Work instruction :: The required output is the line containing "9150 Grandview Ave, Arvada, CO 80002" followed by every later line through the end of the data, all reproduced exactly.

(Caption-style text data)

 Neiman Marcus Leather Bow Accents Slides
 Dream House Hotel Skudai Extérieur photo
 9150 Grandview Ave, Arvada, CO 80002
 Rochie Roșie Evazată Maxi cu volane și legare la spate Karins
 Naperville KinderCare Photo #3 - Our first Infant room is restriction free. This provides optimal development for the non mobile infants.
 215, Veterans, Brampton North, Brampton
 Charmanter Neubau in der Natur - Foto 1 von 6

Completed exercise ::
 9150 Grandview Ave, Arvada, CO 80002
 Rochie Roșie Evazată Maxi cu volane și legare la spate Karins
 Naperville KinderCare Photo #3 - Our first Infant room is restriction free. This provides optimal development for the non mobile infants.
 215, Veterans, Brampton North, Brampton
 Charmanter Neubau in der Natur - Foto 1 von 6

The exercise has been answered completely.